Some super early suggestions:

  • have the umap parameter (numneighbours, mindist) defaults show up as I had no clue what the values were to then adjust from
  • add polyphony to the audio playback as it sounds like a terrible machine gun while browsing samples
  • remove the @loop attribute as there’s no way to stop playback

It would be great to combine this with the (semi)oldschool UI for selecting what parameters/stats/etc… rather than looking at a single feature.

This is more of a broader question. The use case here is “dragging a folder of individual samples” but then the internal workflow concatenates everything and then everything after that is managed via offsets. I know @tremblap quite likes this workflow, and it does make a ton of sense if you are starting from a single long file and then segmenting as part of the process, but it seems like this would create a load of friction further downstream if you want to adjust parameters, remove individual samples, tweak overlaps, etc…
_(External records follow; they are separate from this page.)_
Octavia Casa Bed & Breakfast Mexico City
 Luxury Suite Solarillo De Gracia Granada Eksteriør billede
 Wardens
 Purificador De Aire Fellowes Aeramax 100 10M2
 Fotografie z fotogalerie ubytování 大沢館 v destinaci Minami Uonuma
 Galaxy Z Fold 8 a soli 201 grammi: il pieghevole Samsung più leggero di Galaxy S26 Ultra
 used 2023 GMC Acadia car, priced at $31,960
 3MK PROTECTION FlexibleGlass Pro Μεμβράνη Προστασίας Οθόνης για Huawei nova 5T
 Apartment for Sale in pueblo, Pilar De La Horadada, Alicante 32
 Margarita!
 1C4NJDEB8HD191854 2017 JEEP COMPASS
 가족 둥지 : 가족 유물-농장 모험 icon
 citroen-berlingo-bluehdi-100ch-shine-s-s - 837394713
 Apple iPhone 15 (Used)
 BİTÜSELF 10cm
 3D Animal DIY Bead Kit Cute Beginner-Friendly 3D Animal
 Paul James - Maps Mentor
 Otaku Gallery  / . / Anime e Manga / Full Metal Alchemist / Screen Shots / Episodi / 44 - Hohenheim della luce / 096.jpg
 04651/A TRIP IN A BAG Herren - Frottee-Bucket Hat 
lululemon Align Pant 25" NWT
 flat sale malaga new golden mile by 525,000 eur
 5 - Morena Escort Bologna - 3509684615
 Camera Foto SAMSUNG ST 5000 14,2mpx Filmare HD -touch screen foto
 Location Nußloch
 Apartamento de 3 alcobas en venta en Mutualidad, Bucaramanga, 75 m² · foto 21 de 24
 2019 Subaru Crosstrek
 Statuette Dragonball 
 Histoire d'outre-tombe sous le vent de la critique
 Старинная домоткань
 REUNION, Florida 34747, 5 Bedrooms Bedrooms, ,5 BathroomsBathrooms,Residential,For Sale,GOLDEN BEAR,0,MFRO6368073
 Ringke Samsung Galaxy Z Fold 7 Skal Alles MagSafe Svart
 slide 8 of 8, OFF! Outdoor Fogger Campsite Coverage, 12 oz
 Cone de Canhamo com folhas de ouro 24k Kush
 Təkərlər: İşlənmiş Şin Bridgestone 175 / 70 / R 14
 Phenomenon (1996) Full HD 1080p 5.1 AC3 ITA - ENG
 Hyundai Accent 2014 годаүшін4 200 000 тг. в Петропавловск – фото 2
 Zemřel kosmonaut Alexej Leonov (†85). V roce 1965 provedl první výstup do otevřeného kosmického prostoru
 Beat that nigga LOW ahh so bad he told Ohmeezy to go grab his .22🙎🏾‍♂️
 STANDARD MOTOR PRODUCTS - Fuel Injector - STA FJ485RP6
More specifically, what is gained by automatically concatenating everything into a single monolithic file? (to offset the procedural confusion it causes)

I’ll try and be brief to avoid derailing the thread (we can always move is this erupts). In short, I think it’s swings and roundabouts. The obvious alternative in Max would be to use a polybuffer~. One still then needs to keep housekeeping data (buffer numbers now, rather than offsets; or as well as offsets if you’re also segmenting the individual files).

As Owen said, the takeaway is swings and roundabouts. Personally, I prefer to chuck stuff in a polybuffer~ and go from there having had my audio sliced already and the audio files themselves carrying the meaningful information about what the start/end of a segment is. This patch emerged from a workshop with absolute beginners where many of them were not familiar with buffers~ let alone polybuffers~ and I opted to show them one way that was relatively anything in segments out. I should also add the context that this isn’t meant to be the ‘canonical FluCoMa corpus exploration patch’. It’s one instance of what one might do with the tools, and a possible arrangement of objects toward a singular method of decomposition.

fascist

Again, a consequence of teaching it is to have sounds repeatedly play so that you can compare sounds and talk over them while they play. Chuck an attrui on if you wanna stop it easily.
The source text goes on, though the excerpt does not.